WHAT TO WORK ON
Take the line that contains "IDEALHOUSE Push Lawn" and each line after it to the end of the data below, and set them down exactly, omitting pictures.

DATA BLOCK
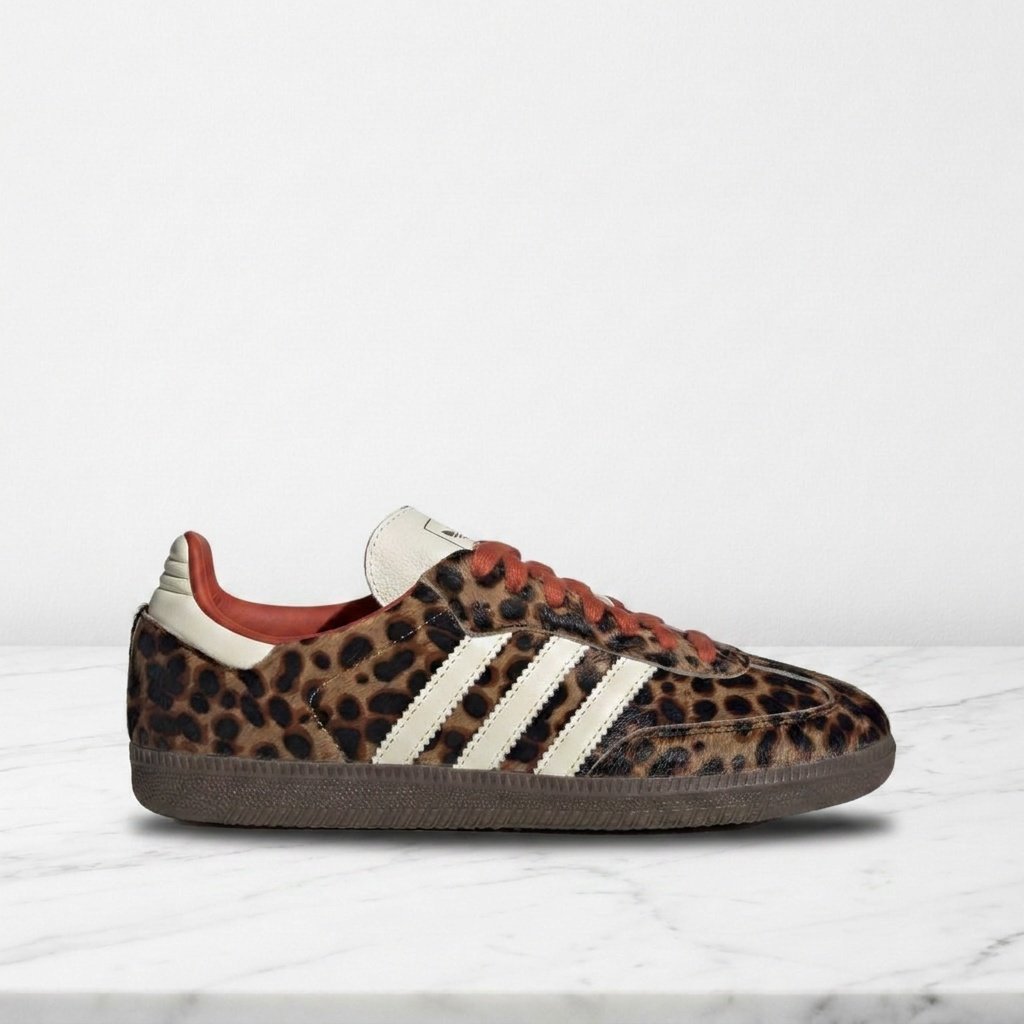 Buty damskie Adidas Samba OG Leopard Brązowy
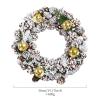 36cm Christmas Wreath, Artificial Decoration Wreath for Front Door Wall Window Indoor Outdoor Christmas Decorations view 2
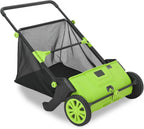 IDEALHOUSE Push Lawn Sweeper 26 Inch with Large 7 cu.ft. Hopper Bag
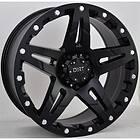 Tuff A.T. D66 Flat Black 9x18 6/139.7 ET25 CB106.1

YOUR RESPONSE
 IDEALHOUSE Push Lawn Sweeper 26 Inch with Large 7 cu.ft. Hopper Bag
 Tuff A.T. D66 Flat Black 9x18 6/139.7 ET25 CB106.1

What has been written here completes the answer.